Crawled caption data
-- Opening Marker --
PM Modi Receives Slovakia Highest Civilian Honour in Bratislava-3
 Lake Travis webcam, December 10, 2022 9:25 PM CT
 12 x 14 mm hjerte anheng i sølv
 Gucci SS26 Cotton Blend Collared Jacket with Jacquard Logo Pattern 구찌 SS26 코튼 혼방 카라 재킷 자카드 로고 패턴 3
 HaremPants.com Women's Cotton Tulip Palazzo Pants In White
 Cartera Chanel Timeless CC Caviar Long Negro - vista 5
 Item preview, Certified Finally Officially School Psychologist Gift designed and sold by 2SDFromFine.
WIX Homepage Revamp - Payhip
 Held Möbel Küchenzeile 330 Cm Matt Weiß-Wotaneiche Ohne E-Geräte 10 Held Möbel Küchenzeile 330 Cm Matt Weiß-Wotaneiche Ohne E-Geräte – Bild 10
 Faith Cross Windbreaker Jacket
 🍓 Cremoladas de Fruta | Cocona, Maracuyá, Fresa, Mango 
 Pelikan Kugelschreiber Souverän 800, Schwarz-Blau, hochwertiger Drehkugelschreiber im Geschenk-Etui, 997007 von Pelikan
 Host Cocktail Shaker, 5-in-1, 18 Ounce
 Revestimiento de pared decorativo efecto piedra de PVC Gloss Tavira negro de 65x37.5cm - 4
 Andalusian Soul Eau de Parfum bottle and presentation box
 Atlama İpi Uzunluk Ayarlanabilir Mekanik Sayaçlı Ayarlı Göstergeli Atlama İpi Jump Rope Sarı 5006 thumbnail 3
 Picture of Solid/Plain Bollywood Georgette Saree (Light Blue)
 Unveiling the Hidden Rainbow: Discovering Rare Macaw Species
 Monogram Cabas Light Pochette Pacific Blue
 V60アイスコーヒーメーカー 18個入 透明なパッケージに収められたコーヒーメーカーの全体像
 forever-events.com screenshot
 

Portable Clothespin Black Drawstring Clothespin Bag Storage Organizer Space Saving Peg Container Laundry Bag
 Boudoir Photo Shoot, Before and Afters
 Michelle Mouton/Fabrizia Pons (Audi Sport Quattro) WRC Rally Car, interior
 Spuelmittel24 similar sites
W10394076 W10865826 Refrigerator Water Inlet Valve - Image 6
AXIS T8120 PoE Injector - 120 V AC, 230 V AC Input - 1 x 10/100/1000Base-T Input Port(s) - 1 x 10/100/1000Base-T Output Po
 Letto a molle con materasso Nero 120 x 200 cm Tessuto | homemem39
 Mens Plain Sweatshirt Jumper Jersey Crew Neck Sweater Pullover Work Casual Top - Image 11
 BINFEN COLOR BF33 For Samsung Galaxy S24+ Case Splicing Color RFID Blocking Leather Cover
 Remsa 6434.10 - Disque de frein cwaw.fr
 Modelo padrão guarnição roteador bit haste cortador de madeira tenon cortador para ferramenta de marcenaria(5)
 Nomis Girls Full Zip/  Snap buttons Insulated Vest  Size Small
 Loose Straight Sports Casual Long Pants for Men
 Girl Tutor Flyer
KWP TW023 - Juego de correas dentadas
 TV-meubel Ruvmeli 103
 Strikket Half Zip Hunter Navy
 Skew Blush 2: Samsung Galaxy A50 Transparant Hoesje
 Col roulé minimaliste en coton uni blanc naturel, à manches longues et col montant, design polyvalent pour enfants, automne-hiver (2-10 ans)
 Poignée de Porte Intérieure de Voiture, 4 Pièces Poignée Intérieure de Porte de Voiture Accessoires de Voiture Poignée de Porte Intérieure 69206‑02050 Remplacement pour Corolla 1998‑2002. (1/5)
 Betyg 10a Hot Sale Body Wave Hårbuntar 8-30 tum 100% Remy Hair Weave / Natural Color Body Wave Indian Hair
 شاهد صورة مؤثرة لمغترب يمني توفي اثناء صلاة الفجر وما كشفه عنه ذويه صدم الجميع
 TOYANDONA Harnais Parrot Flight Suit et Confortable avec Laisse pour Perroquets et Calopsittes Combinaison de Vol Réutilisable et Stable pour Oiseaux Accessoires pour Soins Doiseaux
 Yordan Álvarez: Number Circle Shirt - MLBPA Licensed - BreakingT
-- Closing Marker --
THE TASK
The required output is the exact run of lines from the beginning of the records to the line with "Revestimiento de pared", that line included.

RESPONSE TO THIS TASK
PM Modi Receives Slovakia Highest Civilian Honour in Bratislava-3
 Lake Travis webcam, December 10, 2022 9:25 PM CT
 12 x 14 mm hjerte anheng i sølv
 Gucci SS26 Cotton Blend Collared Jacket with Jacquard Logo Pattern 구찌 SS26 코튼 혼방 카라 재킷 자카드 로고 패턴 3
 HaremPants.com Women's Cotton Tulip Palazzo Pants In White
 Cartera Chanel Timeless CC Caviar Long Negro - vista 5
 Item preview, Certified Finally Officially School Psychologist Gift designed and sold by 2SDFromFine.
WIX Homepage Revamp - Payhip
 Held Möbel Küchenzeile 330 Cm Matt Weiß-Wotaneiche Ohne E-Geräte 10 Held Möbel Küchenzeile 330 Cm Matt Weiß-Wotaneiche Ohne E-Geräte – Bild 10
 Faith Cross Windbreaker Jacket
 🍓 Cremoladas de Fruta | Cocona, Maracuyá, Fresa, Mango 
 Pelikan Kugelschreiber Souverän 800, Schwarz-Blau, hochwertiger Drehkugelschreiber im Geschenk-Etui, 997007 von Pelikan
 Host Cocktail Shaker, 5-in-1, 18 Ounce
 Revestimiento de pared decorativo efecto piedra de PVC Gloss Tavira negro de 65x37.5cm - 4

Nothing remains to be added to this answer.